High-risk or highly variable media that the laboratory must test for sterility, growth performance, and selectivity before use. Key Components of the M22-A3 Standard clsi m22a3 pdf link
Adhering to CLSI guidelines is a cornerstone of laboratory excellence for several reasons: Accreditation Compliance Key Components of the M22-A3 Standard Adhering to
The transition away from the exempt/nonexempt paradigm represents a significant shift in quality management philosophy. The approach requires laboratories to conduct a formal risk assessment, establish a quality control plan based on that assessment, and maintain ongoing monitoring. The CLSI M22A3 guidelines are essential for several
Saves money on control strains, reagents, and media wasted during internal testing.
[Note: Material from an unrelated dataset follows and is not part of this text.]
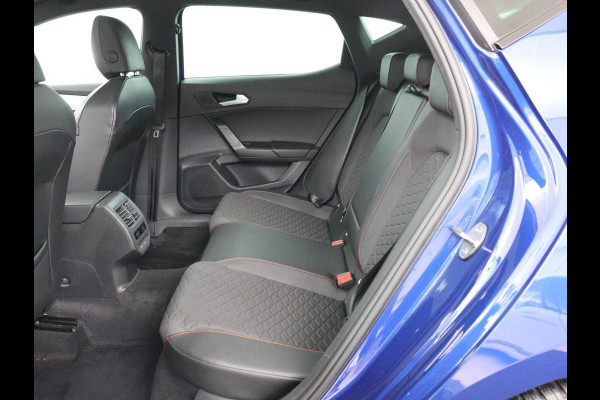 Seat Leon 1.0 TSI FR Launch Edition | Panoramadak | Trekhaak | Stoelverwarming | Camera | Carplay | Navigatie | Sfeerverlichting | Adaptive cruise | Keyless | Full LED | Dodehoek detectie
The CLSI M22A3 guidelines are essential for several reasons:
Implementing the CLSI M22-A3 standard streamlines laboratory operations. By trusting manufacturer certification for exempt media, laboratories dramatically reduce the cost of control strains, media waste, and technician labor hours. Concurrently, strict adherence to the protocol guarantees that patient samples are tested on highly reliable, legally compliant diagnostic platforms.